Spectateur ignoré de ce désastre immense,
Un homme enfin, sortant de l'ombre et de l'enfance,
Paraît. Toute la terre, à ses coups éclatants,
Croit dès le premier jour l'avoir connu longtemps.
Il combat, il subjugue, il renverse, il élève ;
Tout ce qu'il veut de grand, sa fortune l'achève.
Nous voyons, lorsqu'à peine on connaît ses desseins,
Les peuples étonnés tomber entre ses mains.
Alors son bras puissant, apaisant la victoire,
Soutient le monde entier qu‘ébranlait tant de gloire.
Le Très-Haut l'ordonnait. Où sont les vains mortels
Qui s'opposaient au cours des arrêts éternels ?
Faibles enfants qu'un char écrasa sur la pierre,
Voilà leurs corps sanglants restés dans la poussière.
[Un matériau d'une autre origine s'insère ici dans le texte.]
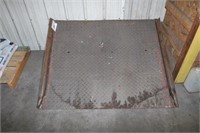 52" X 3 1/2' STEEL LOADING DOCK PLATE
Au milieu des tombeaux, qu'environnait la nuit,
Ainsi je méditais par leur silence instruit.
Les fils viennent ici se réunir aux pères
Qu'ils n'y retrouvent plus, qu'ils y portaient naguères,
Disais-je, quand l'éclat des premiers feux du jour
Vint du chant des oiseaux ranimer ce séjour.
Le soleil voit, du haut des voûtes éternelles,
Passer dans les palais des familles nouvelles ;
Familles et palais, il verra tout périr !
Il a vu mourir tout, tout renaître et mourir,
Vu des hommes produits de la cendre des hommes,
Et, lugubre flambeau du sépulcre où nous sommes,
Lui-même, à ce long deuil, fatigué d'avoir lui,
S'éteindra devant Dieu, comme nous devant lui.

 
 

Sources



BÉRANGER, Œuvres complètes, Paris, Perrotin, 1847, tome 2, p. 396-397.